(DATASET EXTRACT begins)

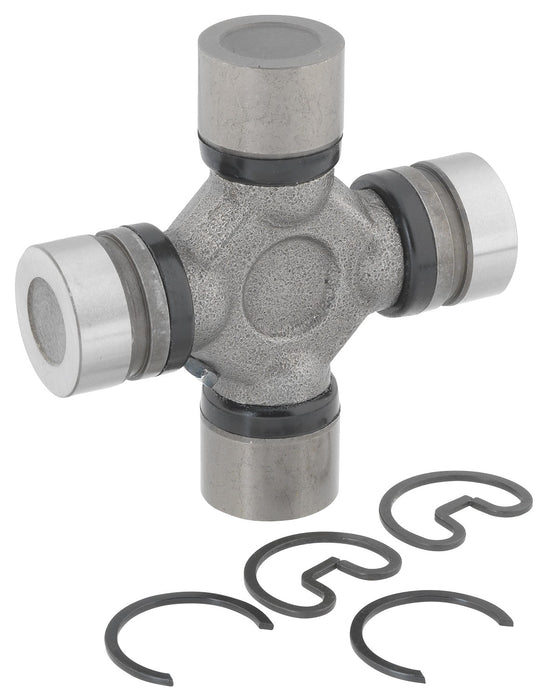 SKF UJ458C Universal Joint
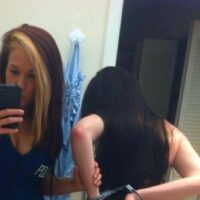 femme soumise Paris 15eme 75015 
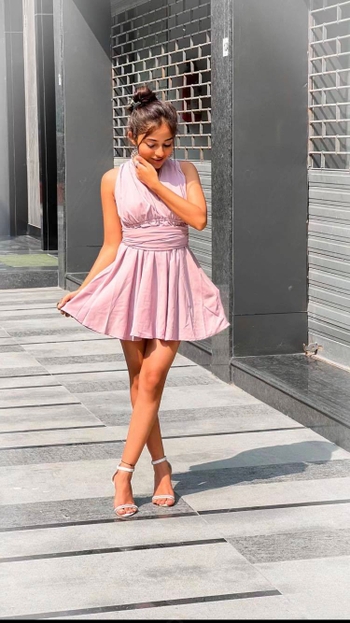 Riya Verma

(DATASET EXTRACT ends)

**EXERCISE BRIEF**
Leave out the pictures and return the listing exactly.

**ANSWER SECTION**
 SKF UJ458C Universal Joint
 femme soumise Paris 15eme 75015 
 Riya Verma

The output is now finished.